If anyone would like any pointers on growing unidentifiable (to me) green things in big pots by accident, I am definitely your go-to person.
While you’re thinking about that and wondering which one of us needs the most help, here’s some advice on pillow shopping. If the plastic bag says “extra firm” you should take that seriously. The two new replacement pillows for my bed which I brought home yesterday were hard to force into cases, there was so little give to them. They took on the appearance of over inflated balloons with not a wrinkle to be seen. No punching was required to get myself propped up in a comfortable position to read, but it was also kind of like placing my head on a slightly squishy rock. This morning I wondered for a bit if my neck might be broken. But it was just at some weird angle it’s not used to dealing with and seems to be straightening out as the morning progresses.
It’s been a long time since I’ve said anything about my beautiful, intelligent, astonishingly amazing grandchildren. Here’s four of them and one large dog. They’re growing like weeds in their own backyard.
Don’t think because I put them here that they’re less important to me than actual weeds.

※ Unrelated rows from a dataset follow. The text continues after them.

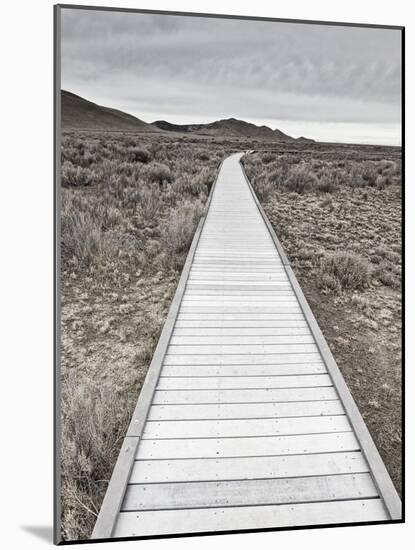 Boardwalk through the desert-David Madison-Mounted Photographic Print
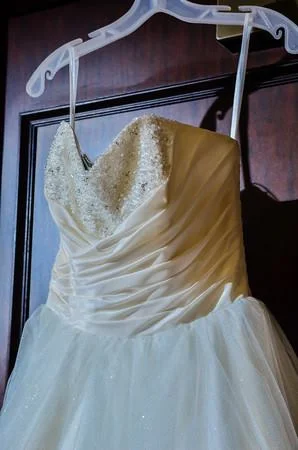 Limited Time Alfred Angelo Cinderella 205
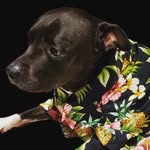 Barnabas Collins - @topsail_island_dog - Instagram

Sometimes it’s just fun to save the best thing for last.
The reason I know this is because He grows it everywhere. What I don’t know is who gets to decide what is a weed and what isn’t. We’re conditioned from childhood to abhor dandelions on the lawn, and to love roses in the flowerbed. But what child, left to his own devices, would not prefer those bright little low-to-the-ground yellow flowers that are everywhere and can be picked with ease, to something that has vicious thorns?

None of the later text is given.